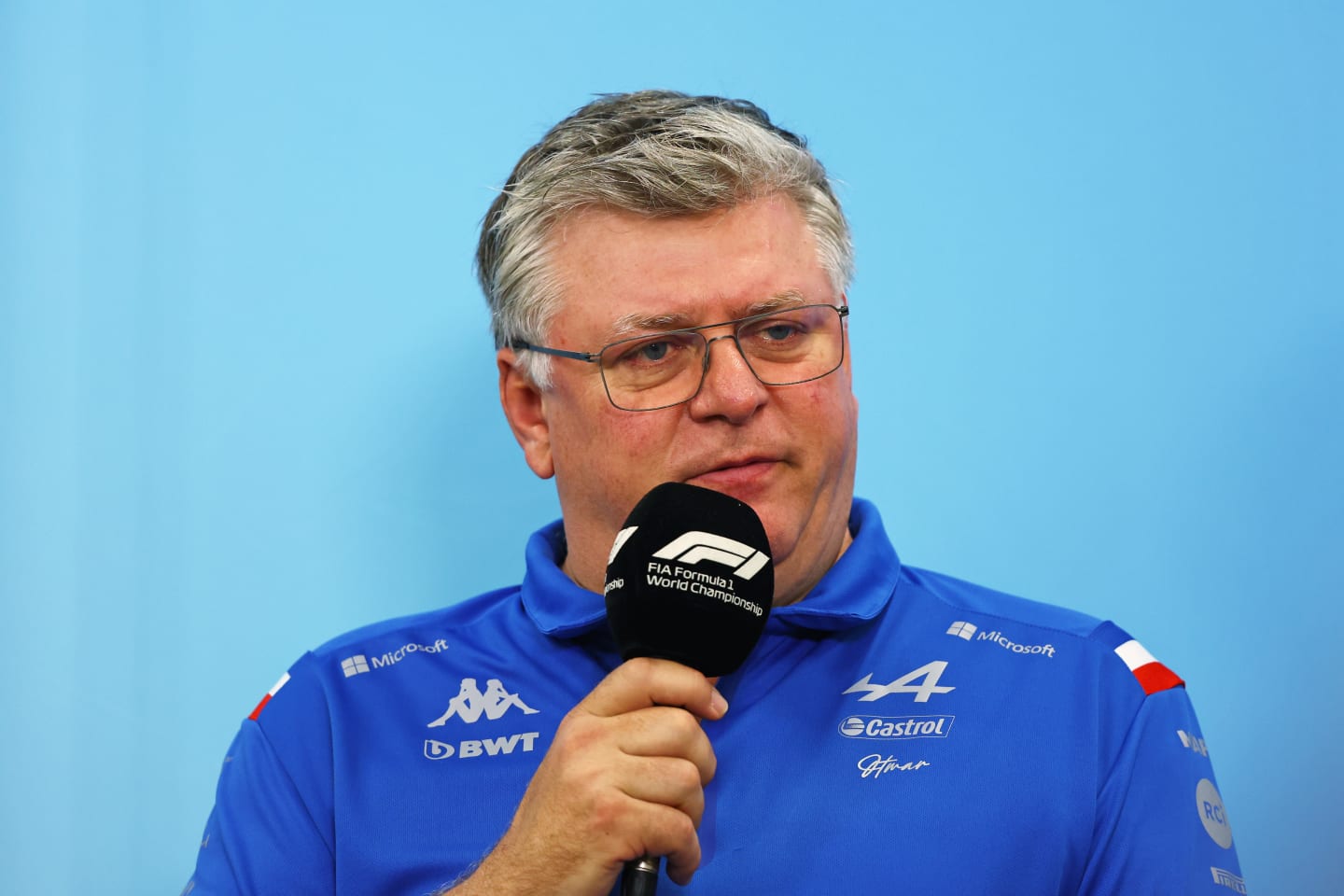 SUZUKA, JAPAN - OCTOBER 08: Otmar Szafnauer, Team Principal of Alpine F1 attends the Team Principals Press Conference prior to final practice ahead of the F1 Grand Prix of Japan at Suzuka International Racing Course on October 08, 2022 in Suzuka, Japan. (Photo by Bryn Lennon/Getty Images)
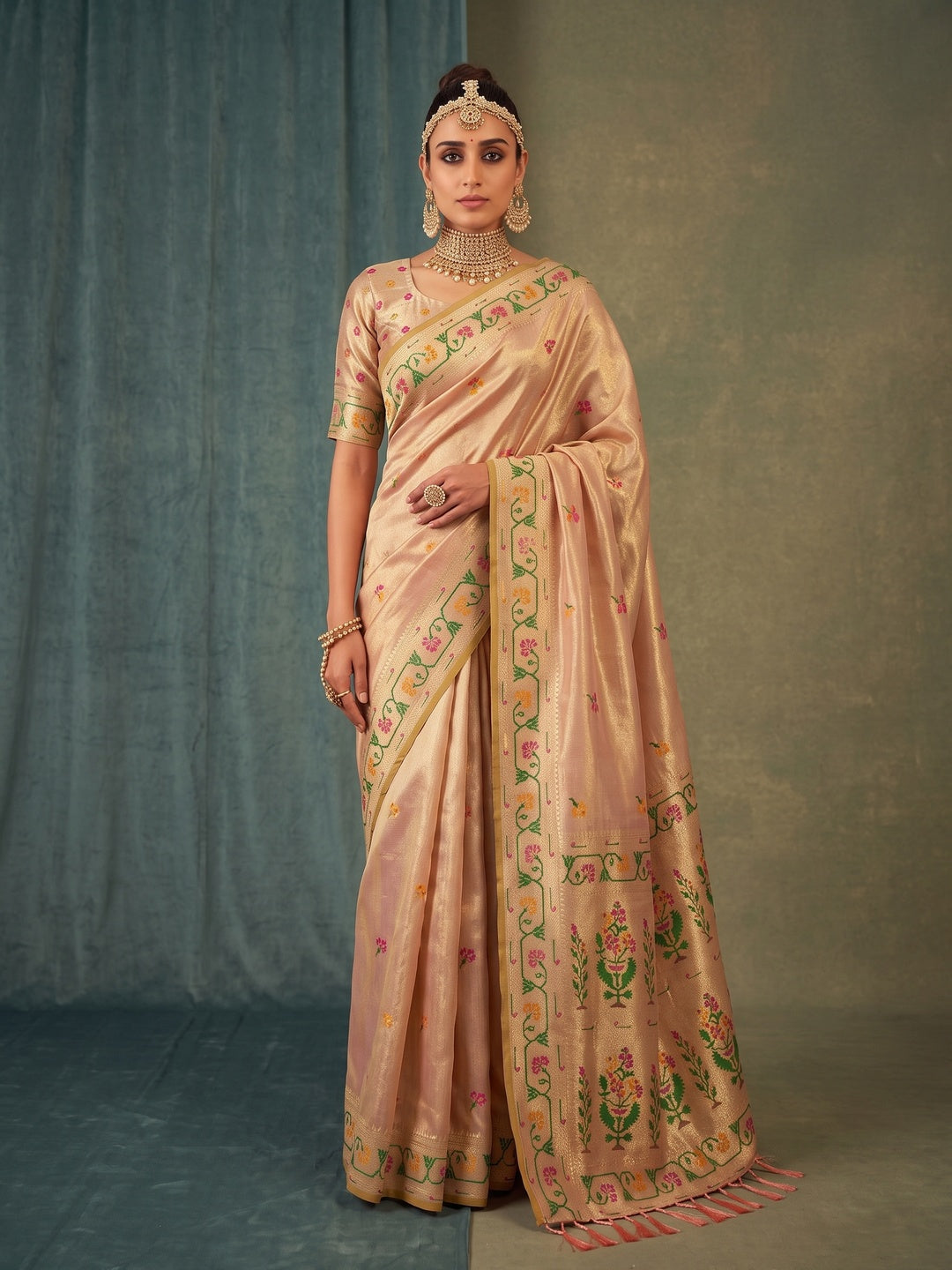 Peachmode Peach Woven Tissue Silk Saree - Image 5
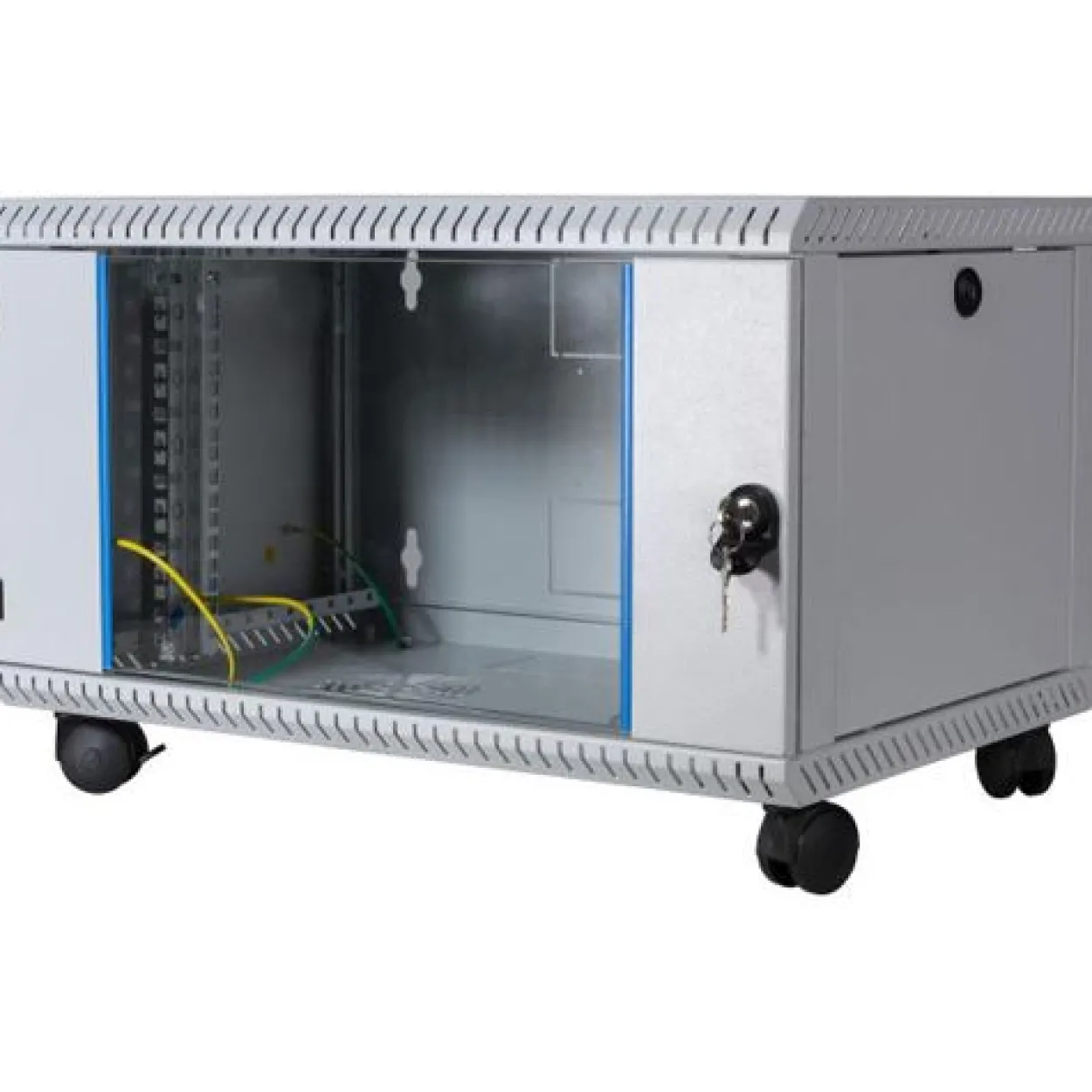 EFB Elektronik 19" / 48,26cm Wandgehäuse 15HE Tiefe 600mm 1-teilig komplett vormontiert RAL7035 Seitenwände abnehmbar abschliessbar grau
--
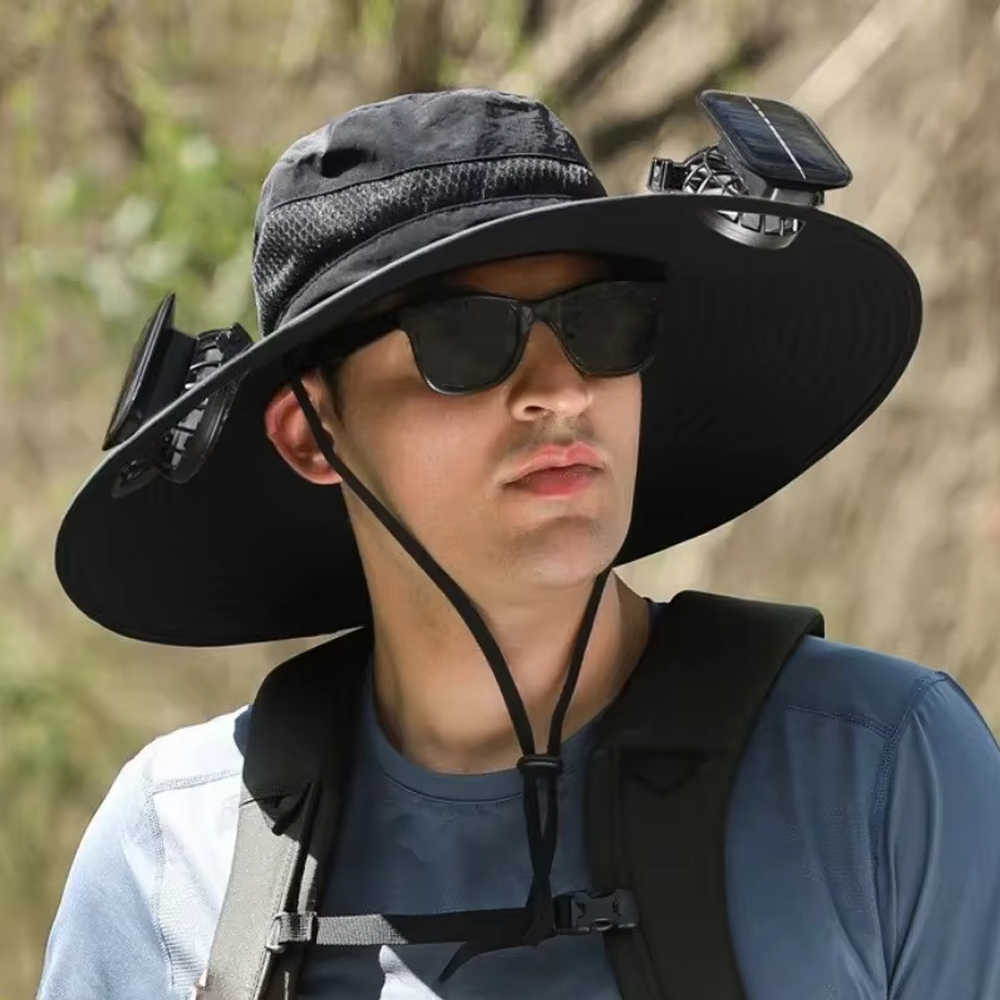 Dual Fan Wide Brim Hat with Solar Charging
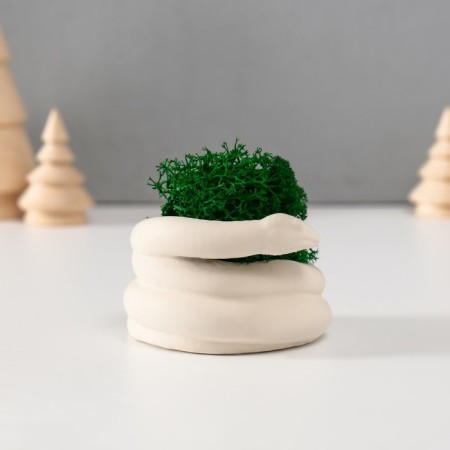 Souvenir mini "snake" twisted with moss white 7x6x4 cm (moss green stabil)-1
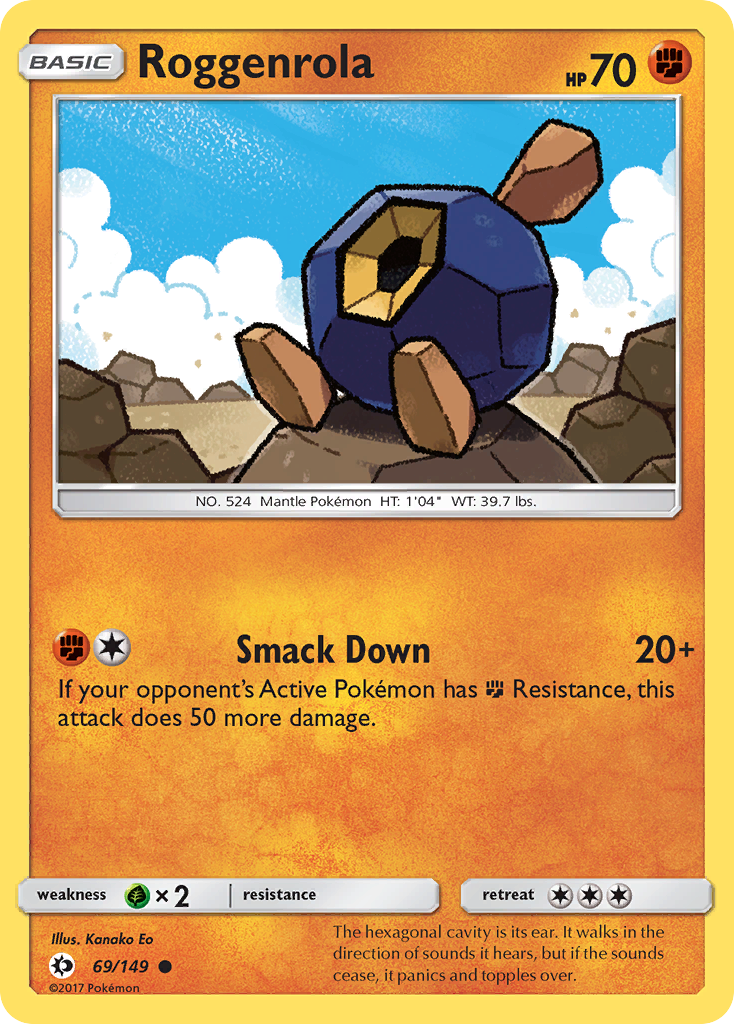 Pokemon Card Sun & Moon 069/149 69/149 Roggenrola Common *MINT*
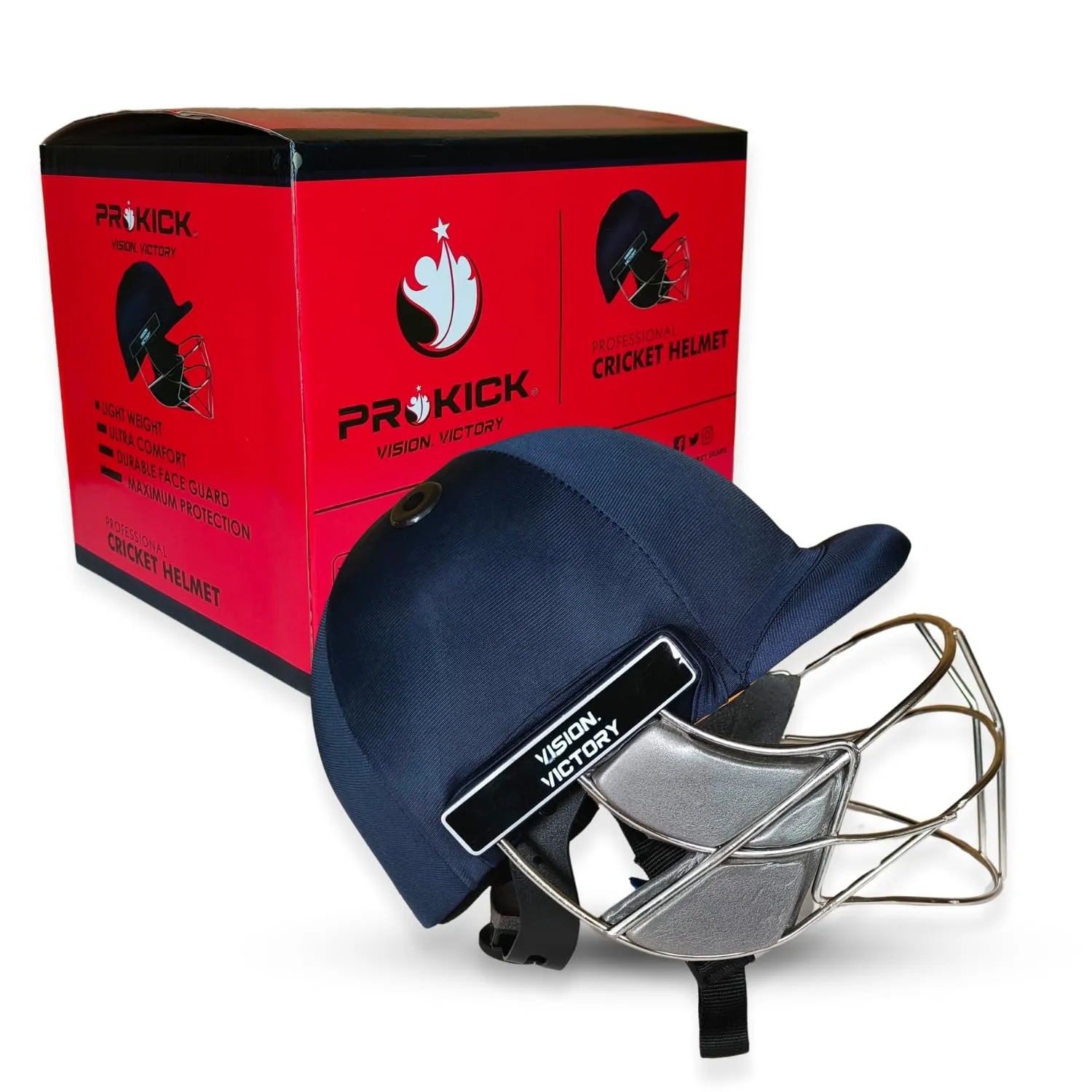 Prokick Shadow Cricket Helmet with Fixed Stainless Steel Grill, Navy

> TASK DETAILS
Output exactly the lines above that lie between the line with "Peachmode Peach Woven" and the line with "abnehmbar abschliessbar grau", those two lines included, and no pictures.

> RESPONSE
 Peachmode Peach Woven Tissue Silk Saree - Image 5
 EFB Elektronik 19" / 48,26cm Wandgehäuse 15HE Tiefe 600mm 1-teilig komplett vormontiert RAL7035 Seitenwände abnehmbar abschliessbar grau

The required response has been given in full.